Do wypadku doszło w ośrodku narciarskim we francuskim Meribel ok. godziny 11. w niedzielę. Niemiecki kierowca, który w 2012 roku po raz drugi rozstał się z bolidem Formuły 1, zjeżdżał ze stoku na nartach, gdy przewrócił się i uderzył głową w skałę. Schumacher miał w chwili wypadku kask na głowie.

Siedmiokrotny mistrz świata F1 został przetransportowany helikopterem do szpitala w Grenoble. Według pierwszych doniesień jego życiu nie zagrażało niebezpieczeństwo. - Był w szoku i roztrzęsiony, ale przytomny - mówił Radiu Monte Carlo Sport Christophe Gernignon-Lecomte, dyrektor ośrodka narciarskiego w Meribel.

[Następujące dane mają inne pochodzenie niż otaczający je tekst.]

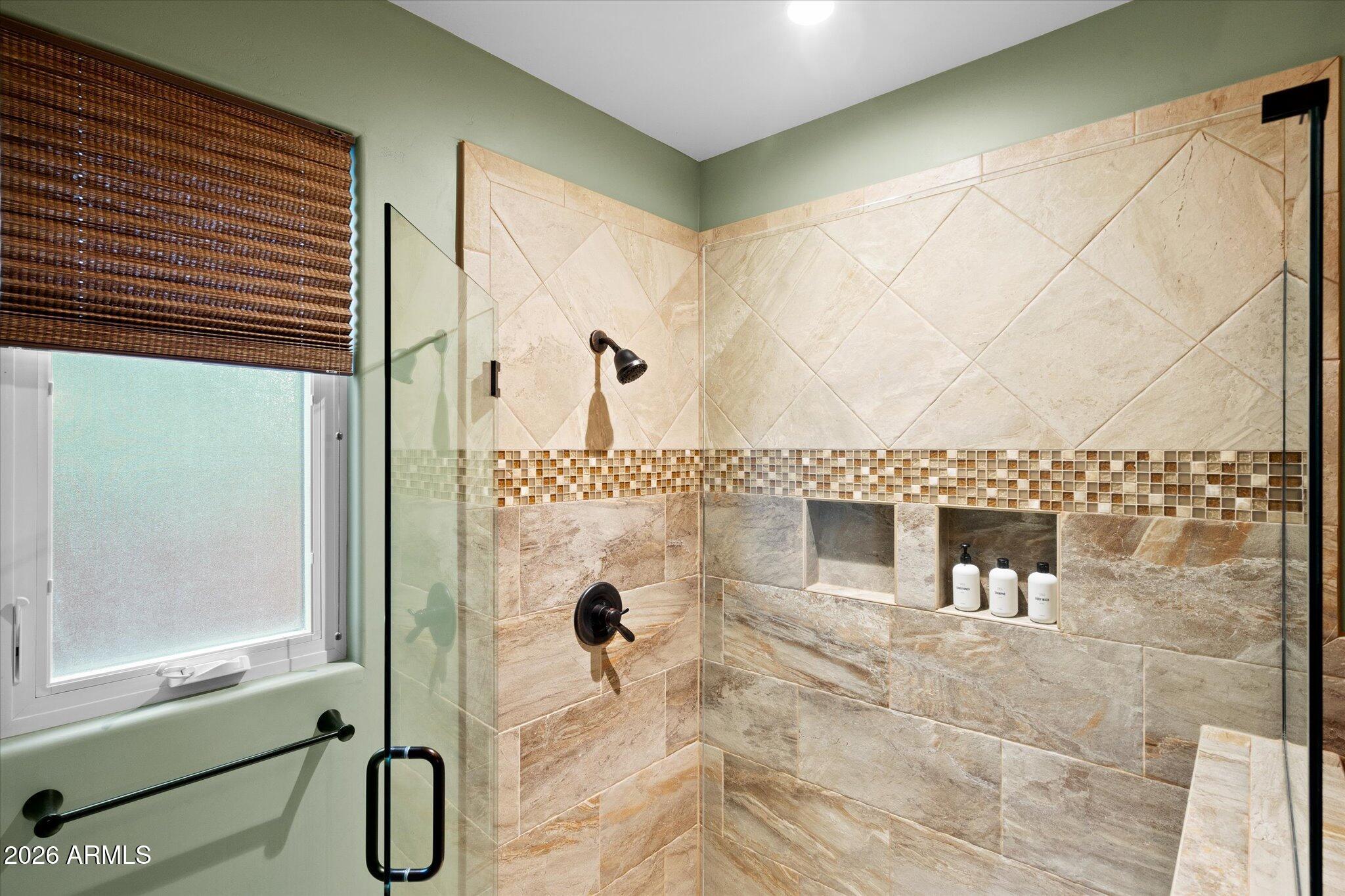 32 Susan Way Sedona, AZ 86336 - Photo 22 of 41 Primary Bath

W szpitalu okazało się jednak, że nastąpił krwotok mózgu. Schumacher wymagał pilnego zabiegu neurochirurgicznego. Menadżer 44-letniego Niemca poinformował, że jest on w śpiączce i jego stan lekarze oceniają jako krytyczny. Przy Schumacherze w szpitalu w Grenoble jest jego rodzina.

Stan Niemca nadal jest krytyczny. Jest on otrzymywany w stanie śpiączki farmakologicznej i hipotermii. Lekarze stwierdzili także uszkodzenia mózgu, ale nie określili jak bardzo są one poważne ze względu na rodzinę kierowcy. Zaakcentowano jednak, że Schumacher, gdyby nie miał kasku, nie przeżyłby wypadku. Francuscy specjaliści nie chcieli także wyrokować jakie są szanse Schumachera na przeżycie.

Michael Schumacher triumfował w 91 wyścigach na torach Formuły 1. Mistrzostwo zdobywał siedem razy - w 1994 i w 1995 roku z Benettonem i w latach 2000-2004 z Ferrari. W 2006 roku Niemiec podjął decyzję o zakończeniu kariery, do sportu wrócił jednak cztery lata później. Po trzech sezonach, w których tylko raz stawał na podium ostatecznie zakończył karierę kierowcy wyścigowego.